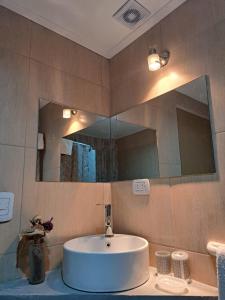a bathroom with a sink and a large mirror at Apartamentos-Cabañas Encanto II in El Bolsón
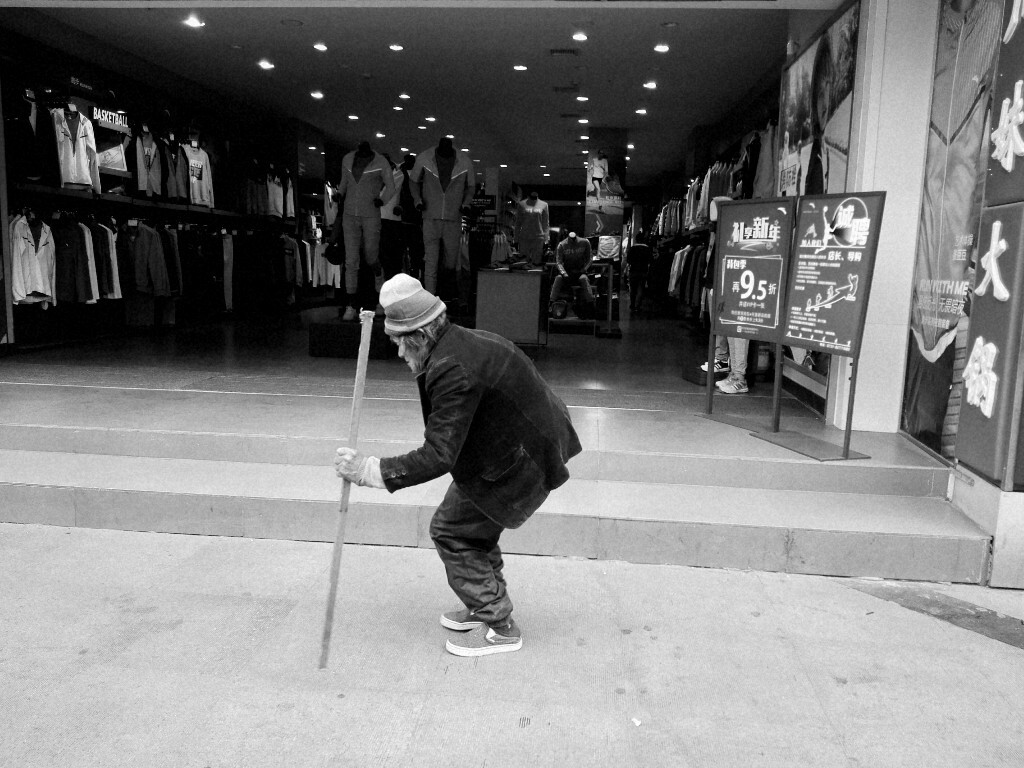 老人家拄着棍子走过一家服装店.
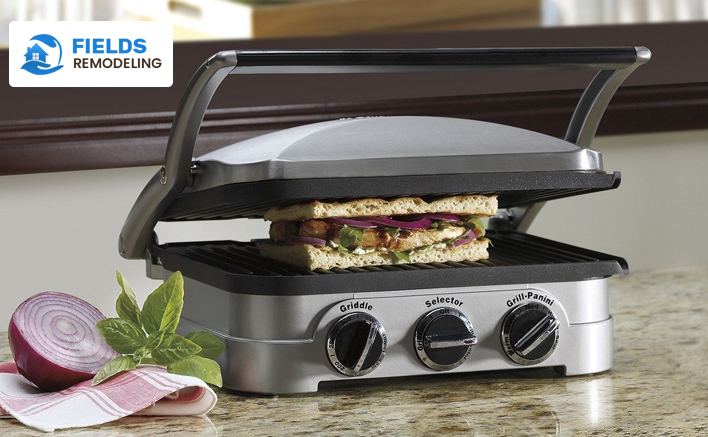 Compact electric grill cooking delicious food in a sleek kitchen.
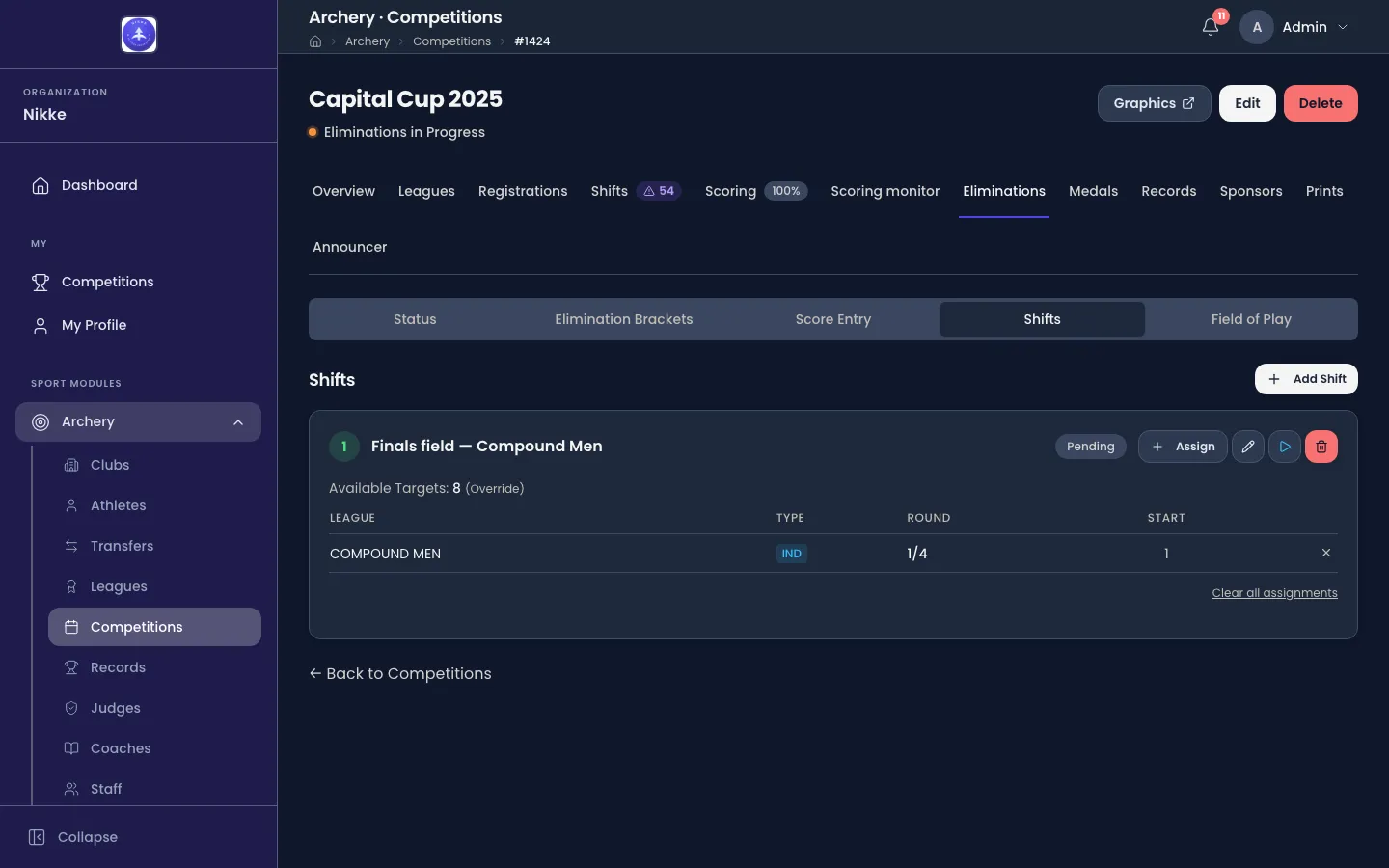 The Shifts view of the Eliminations tab of Capital Cup 2025 in Velos. A row of view buttons reads Status, Elimination Brackets, Score Entry, Shifts and Field of Play, with Shifts chosen. Under a heading Shifts and an + Add Shift button sits one card, numbered 1 and titled Finals field — Compound Men, carrying a Pending badge and Assign, edit, start and delete buttons. A line under it reads Available Targets: 8 (Override), over a table with the columns League, Type, Round and Start holding one row: COMPOUND MEN, tagged IND, round 1/4, start 1. A Clear all assignments link closes the card.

#### [Task]
Restate all of the data word for word and include no pictures.

#### [Exercise solution]
a bathroom with a sink and a large mirror at Apartamentos-Cabañas Encanto II in El Bolsón
 老人家拄着棍子走过一家服装店.
 Compact electric grill cooking delicious food in a sleek kitchen.
 The Shifts view of the Eliminations tab of Capital Cup 2025 in Velos. A row of view buttons reads Status, Elimination Brackets, Score Entry, Shifts and Field of Play, with Shifts chosen. Under a heading Shifts and an + Add Shift button sits one card, numbered 1 and titled Finals field — Compound Men, carrying a Pending badge and Assign, edit, start and delete buttons. A line under it reads Available Targets: 8 (Override), over a table with the columns League, Type, Round and Start holding one row: COMPOUND MEN, tagged IND, round 1/4, start 1. A Clear all assignments link closes the card.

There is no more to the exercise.